The left hand side of this last equation (5) gives us the probability we are interested in, P(G|H); that is, the probability we have an agent who knows the credit card algorithm given that this agent has hit the right number or a set of right numbers. As you can see from equation 5, just how close P(G|H) is to unity depends entirely on the relative magnitudes of the two terms in the denominator on the right-hand side of equation 5. If the second term in the denominator is very small in relation to the first term, P(G|H) becomes nearly unity; in this case there is then a high probability that our agent is in possession of the facts! So, expressed mathematically the condition that interests us is:
P(H|G) P(G) >> P(H|!G) P(!G)
Under what conditions might the forgoing expression hold? Comparing similar terms on respective sides of the above inequality it seems that P(G) is very likely going to be smaller than P(!G); in most circumstances agents in the know are going to be in a minority. That is
P(G) < P(!G)
But it is when we compare P(H|G) and P(H|!G) that we find a basis of support for the intuition that an agent who gets hits is likely to be an agent in the know. In many predictive cases P(H|!G) is exceedingly small; for example, if the set of valid credit card numbers is small the chance of an unknowing agent hitting several right numbers in succession is negligible, whereas in comparison the chance of a knowing agent who pro-actively makes predictions getting a succession of hits may be near unity. It doesn't follow from the latter comment that P(H|G) is itself is near unity because some knowing agents may not choose to use their predictive powers. Even so, it is likely that a knowing agent is going to make use of his knowledge and therefore P(H|G) could be significant, especially when compared to P(H|!G). Therefore in this instance we conclude:
P(H|G) >> P(H|!G)
…in which case inequality (6) is a likely scenario. Therefore this implies that P(G|H) is near unity, justifying the feeling that a succession of successful predictions implies a knowing agent.

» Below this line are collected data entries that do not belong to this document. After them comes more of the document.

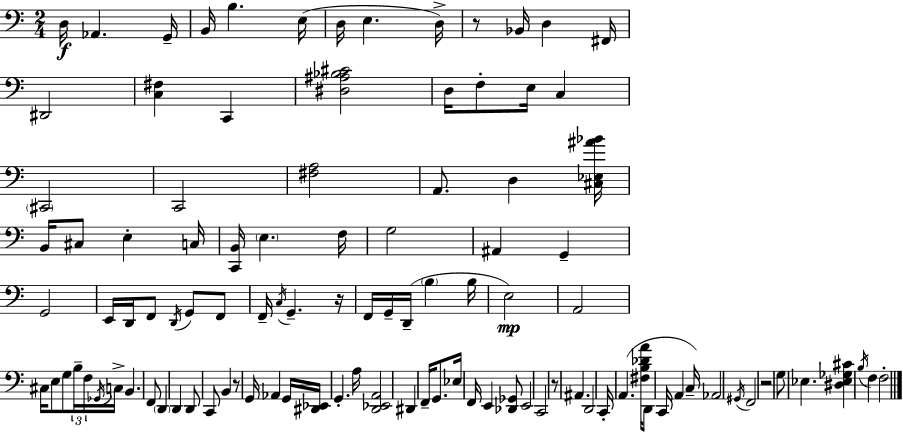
X:1
T:Untitled
M:2/4
L:1/4
K:C
D,/4 _A,, G,,/4 B,,/4 B, E,/4 D,/4 E, D,/4 z/2 _B,,/4 D, ^F,,/4 ^D,,2 [C,^F,] C,, [^D,^A,_B,^C]2 D,/4 F,/2 E,/4 C, ^C,,2 C,,2 [^F,A,]2 A,,/2 D, [^C,_E,^A_B]/4 B,,/4 ^C,/2 E, C,/4 [C,,B,,]/4 E, F,/4 G,2 ^A,, G,, G,,2 E,,/4 D,,/4 F,,/2 D,,/4 G,,/2 F,,/2 F,,/4 C,/4 G,, z/4 F,,/4 G,,/4 D,,/4 B, B,/4 E,2 A,,2 ^C,/4 E,/2 G,/2 B,/4 F,/4 _G,,/4 C,/4 B,, F,,/2 D,, D,, D,,/2 C,,/2 B,, z/2 G,,/4 _A,, G,,/4 [^D,,_E,,]/4 G,, A,/4 [D,,_E,,A,,]2 ^D,, F,,/4 G,,/2 _E,/4 F,,/4 E,, [_D,,_G,,]/2 E,,2 C,,2 z/2 ^A,, D,,2 C,,/4 A,, [^F,B,_DA]/4 D,,/2 C,,/4 A,, C,/4 _A,,2 ^G,,/4 F,,2 z2 G,/2 _E, [^D,_E,_G,^C] B,/4 F, F,2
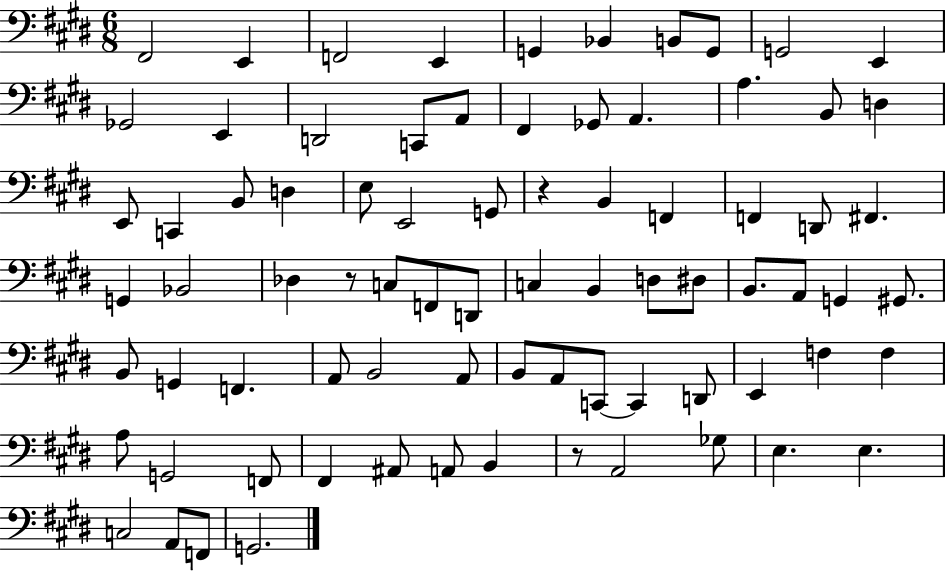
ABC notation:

X:1
T:Untitled
M:6/8
L:1/4
K:E
^F,,2 E,, F,,2 E,, G,, _B,, B,,/2 G,,/2 G,,2 E,, _G,,2 E,, D,,2 C,,/2 A,,/2 ^F,, _G,,/2 A,, A, B,,/2 D, E,,/2 C,, B,,/2 D, E,/2 E,,2 G,,/2 z B,, F,, F,, D,,/2 ^F,, G,, _B,,2 _D, z/2 C,/2 F,,/2 D,,/2 C, B,, D,/2 ^D,/2 B,,/2 A,,/2 G,, ^G,,/2 B,,/2 G,, F,, A,,/2 B,,2 A,,/2 B,,/2 A,,/2 C,,/2 C,, D,,/2 E,, F, F, A,/2 G,,2 F,,/2 ^F,, ^A,,/2 A,,/2 B,, z/2 A,,2 _G,/2 E, E, C,2 A,,/2 F,,/2 G,,2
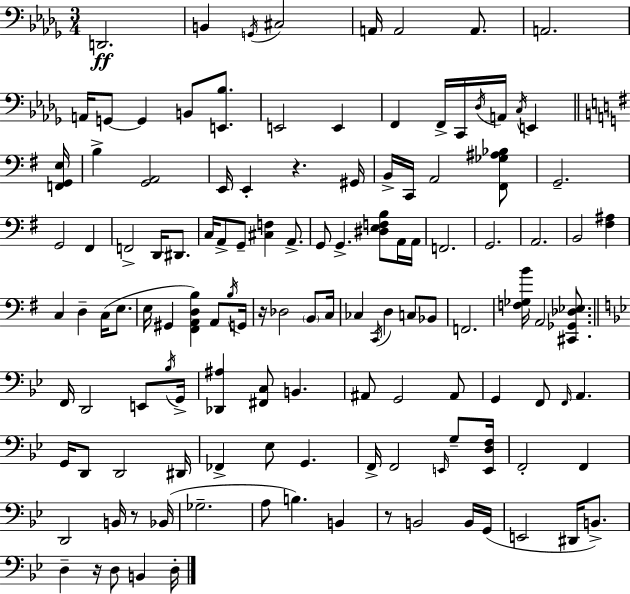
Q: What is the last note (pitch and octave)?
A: D3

Caveat: It is possible, however, to imagine circumstances where the inference that a series of hits implies a knowing agent is false. For example, knowing agents may, for some reason, choose to make very few predictions thus implying a small value of P(H|G). Or perhaps P(H|!G) is not negligible because nearly all the possible numbers are valid. So, our intuition that a successful predictor implies a knowing agent has more the character of a heuristic than an absolutely true rule. This heuristic is based on the likely scenario embodied in inequalities (7) and (8). However, drawing up a version of Bayes' theorem that embraces all possible scenarios is probably futile because that would be inclusive of a maximum disorder cosmos and in such a cosmos prediction is not going to work.
An example of a situation where, in spite of successful hits, it is not clear whether we are dealing with a genuine predictive agent is Bode’s law : This law predicted the asteroid belt and the orbit of Uranus, but broke down for Neptune. The Orbits of Mercury Venus, Earth, Mars and Jupiter and Saturn were fitted retrospectively by juggling the variables of the equation. Reading the corresponding Wiki article it seems that even today there is no consensus as to whether or not “Bode’s Law” is just an accident.